Across the canal, however, the walls that stood up to the storm have not yet been raised, even though they protect an inhabited neighborhood. They remain at their pre-Katrina height, lower than the new wall and vulnerable to being overtopped. They have been strengthened against catastrophic failure if water flows over the top, but floodwaters would still flow into Gentilly.
Meanwhile, the Mississippi River Gulf Outlet, an old navigation channel that many scientists say destroyed wetlands and contributed to a funnel effect that increased the damage to the city, has yet to be sealed off.

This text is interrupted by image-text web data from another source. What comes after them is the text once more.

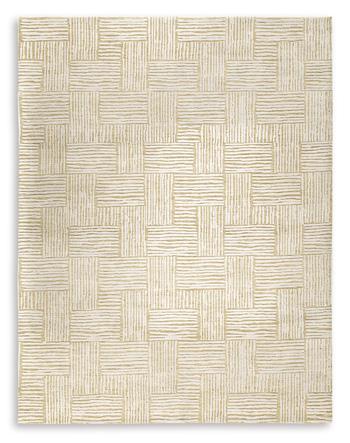 Adanmund 5' x 7' Rug - Home Discount Furniture - NJ-linden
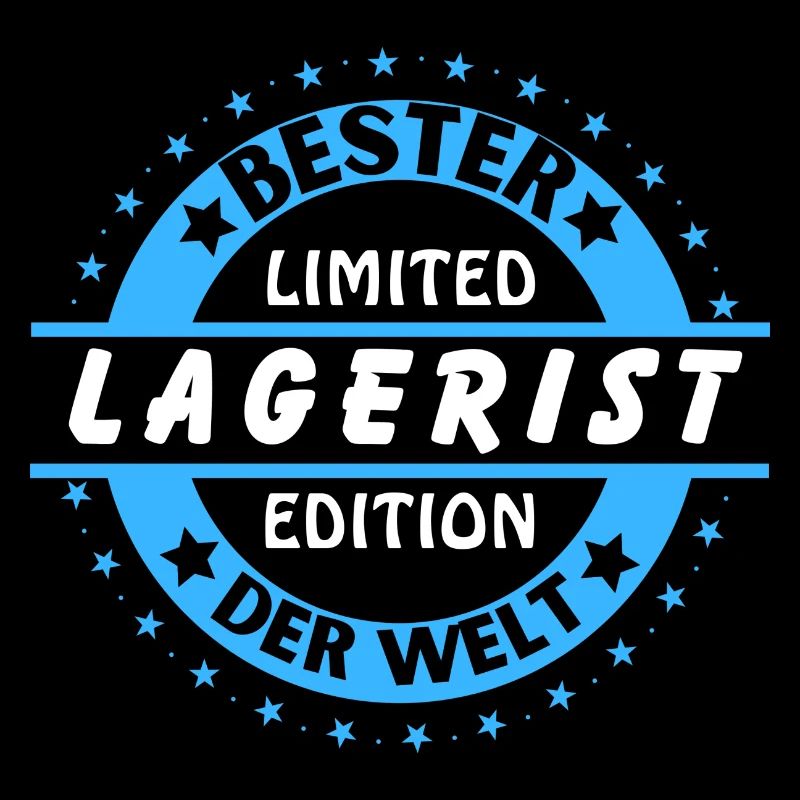 Bester Lagerist der Welt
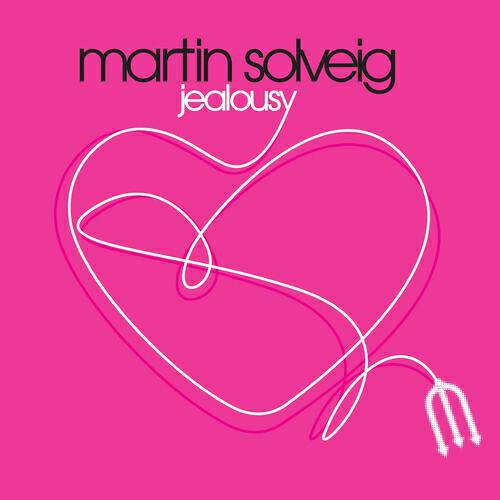 Martin Solveig - Jealousy (Dennis Ferrer Hater's dubmix)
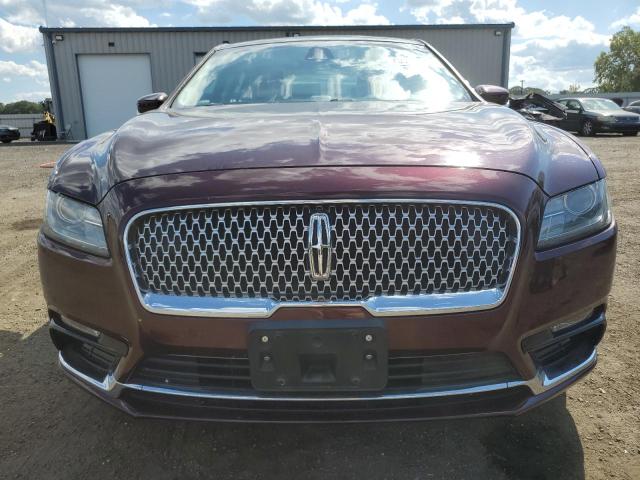 Photo 5 from auction – 2019 LINCOLN CONTINENTA with VIN 1LN6L9SK9K5600263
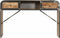 vidaXL - Dressoir - 120x30x75 - cm - massief - mangohout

The corps has said that proposals from contractors for doing so are on their way, but that work, too, might not be complete before 2011.
Then there are the new pumps at the mouths of the city's main drainage canals, which will be turned on if the massive new floodgates have to be closed to keep out lake water in the face of a storm. Two reports said that the pumps, ordered in a rush of planning before the 2006 storm season, had been a troubled operation from the start, and that if a storm had hit in the first year after Katrina, severe flooding could have occurred.
Experts who have examined the situation since then say that things have improved, and the pumps are working as planned. But community activists say they suspect that the corps has not yet fully fixed the problems.
On a broader scale, the essential but daunting work of restoring the wetlands along the Gulf Coast, which can reduce the effect of storm surges, has yet to get under way in earnest.
Col. Jeffrey A. Bedey, commander of the corps' Hurricane Protection Office, acknowledged that the work has been piecemeal, because the scale of the project is enormous. The drive to provide protection against that 1-in-100 storm by 2011, Bedey said, is more thorough. He said maps that will predict the impact of that work, which could be published this month, "should show Upper Gentilly looking very good," and much of the rest of the city, too.
The analysis many people will have to make, he said, is "Am I really willing to take the risk between 2007 and 2011" that no big storm will overpower the work done so far?